Currently, GCP and Azure tend to have better availability for A100s on the spot market, while AWS is the leader for H100 capacity through its EC2 Capacity Blocks, though these are not strictly 'spot'.

Can I use Docker Compose instead of Kubernetes for ephemeral GPUs?

For single-node training, Docker Compose with the NVIDIA Container Toolkit is fine. However, for multi-node orchestration and automatic cost scaling, Kubernetes is the industry standard.

[Deep Dive] Orchestrating Ephemeral GPU Clusters for AI

As AI model sizes continue to explode, the cost of maintaining 24/7 GPU availability has become the single largest line item for engineering organizations. The solution lies in ephemeral orchestration—spinning up massive compute clusters exactly when a training job starts and tearing them down the microsecond it finishes. In this guide, we will walk through the architecture of a production-grade, on-demand GPU cluster using Terraform, Kubernetes (EKS/GKE), and NVIDIA drivers to achieve maximum throughput with minimum waste.

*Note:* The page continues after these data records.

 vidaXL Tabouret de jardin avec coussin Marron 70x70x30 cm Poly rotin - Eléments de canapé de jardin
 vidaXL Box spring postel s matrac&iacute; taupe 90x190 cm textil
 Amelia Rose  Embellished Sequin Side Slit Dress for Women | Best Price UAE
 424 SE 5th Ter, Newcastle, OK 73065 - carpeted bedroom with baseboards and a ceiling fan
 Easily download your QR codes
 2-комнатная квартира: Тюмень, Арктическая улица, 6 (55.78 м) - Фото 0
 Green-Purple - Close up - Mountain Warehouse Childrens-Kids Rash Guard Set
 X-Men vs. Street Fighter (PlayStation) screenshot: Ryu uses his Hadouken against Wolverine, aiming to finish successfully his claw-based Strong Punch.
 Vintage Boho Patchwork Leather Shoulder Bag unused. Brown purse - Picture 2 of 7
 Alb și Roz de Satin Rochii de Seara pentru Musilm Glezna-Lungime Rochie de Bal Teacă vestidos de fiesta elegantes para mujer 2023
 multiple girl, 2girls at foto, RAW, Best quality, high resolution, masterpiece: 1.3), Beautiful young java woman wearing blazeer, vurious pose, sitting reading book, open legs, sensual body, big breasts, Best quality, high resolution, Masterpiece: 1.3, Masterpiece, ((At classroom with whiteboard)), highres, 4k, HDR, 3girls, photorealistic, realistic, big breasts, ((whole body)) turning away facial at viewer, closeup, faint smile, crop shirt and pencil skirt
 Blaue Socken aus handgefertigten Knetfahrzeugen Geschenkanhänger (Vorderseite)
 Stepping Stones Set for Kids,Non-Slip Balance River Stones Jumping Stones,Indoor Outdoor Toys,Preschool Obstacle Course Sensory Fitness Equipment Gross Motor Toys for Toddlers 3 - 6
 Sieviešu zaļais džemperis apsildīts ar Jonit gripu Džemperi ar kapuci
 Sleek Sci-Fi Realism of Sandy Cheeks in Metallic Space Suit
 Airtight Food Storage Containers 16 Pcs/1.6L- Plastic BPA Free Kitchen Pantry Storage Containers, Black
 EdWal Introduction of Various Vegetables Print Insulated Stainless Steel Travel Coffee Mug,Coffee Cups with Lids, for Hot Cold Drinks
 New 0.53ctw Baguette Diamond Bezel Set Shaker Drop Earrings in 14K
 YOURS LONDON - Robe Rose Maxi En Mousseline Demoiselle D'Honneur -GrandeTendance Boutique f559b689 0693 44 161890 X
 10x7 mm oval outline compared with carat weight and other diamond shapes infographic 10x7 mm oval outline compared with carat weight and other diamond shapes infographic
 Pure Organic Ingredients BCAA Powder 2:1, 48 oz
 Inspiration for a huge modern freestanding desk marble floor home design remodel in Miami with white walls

Prerequisites & Environment

Required Stack

Cloud Provider: AWS, GCP, or Azure account with high-limit GPU quotas (e.g., p4d or a2 series).
Tools: Terraform v1.7+, kubectl, and Helm v3 installed locally.
IAM Permissions: Administrative access to create VPCs, EKS/GKE clusters, and Auto Scaling Groups.
CLI Config: Configured AWS CLI or gcloud SDK with active credentials.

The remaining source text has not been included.